__WHAT YOU WILL DO__.
Retype exactly every line from the one that includes "علت جا نرفتن دنده ماشین چیست؟" through the final line of the listing, both ends kept, and omit the pictures.

__DATA__.
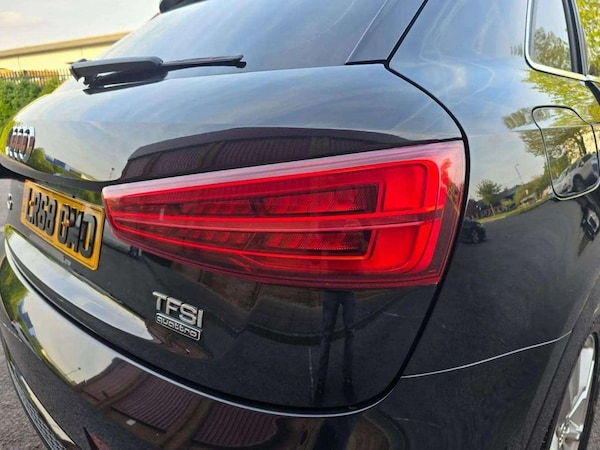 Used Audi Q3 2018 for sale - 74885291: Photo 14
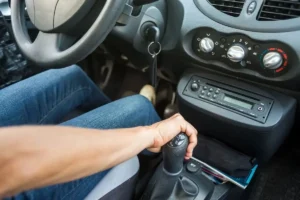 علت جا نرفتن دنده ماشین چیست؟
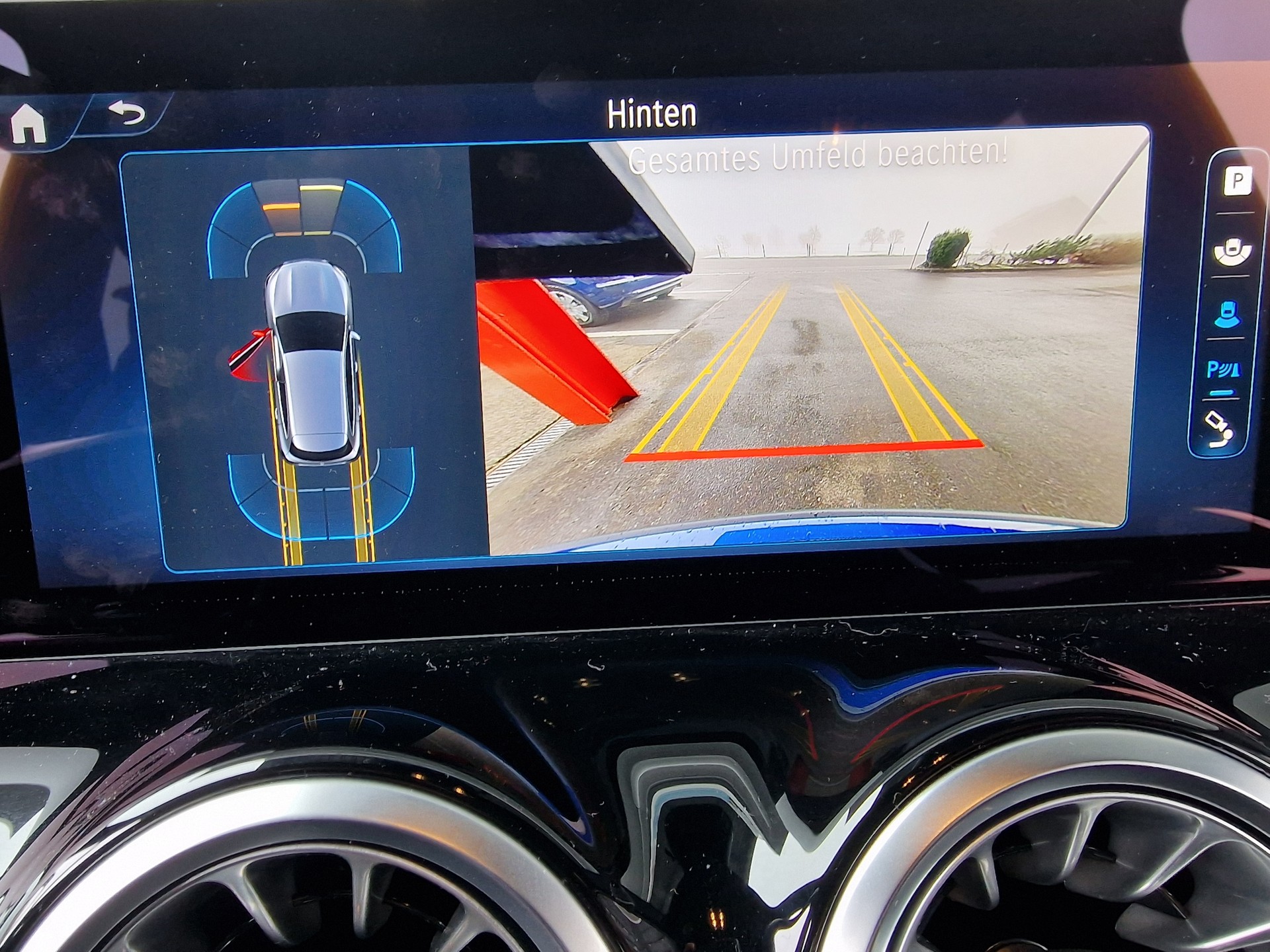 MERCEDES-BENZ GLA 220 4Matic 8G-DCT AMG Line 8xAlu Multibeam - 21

__REPLY TO THE TASK__.
 علت جا نرفتن دنده ماشین چیست؟
 MERCEDES-BENZ GLA 220 4Matic 8G-DCT AMG Line 8xAlu Multibeam - 21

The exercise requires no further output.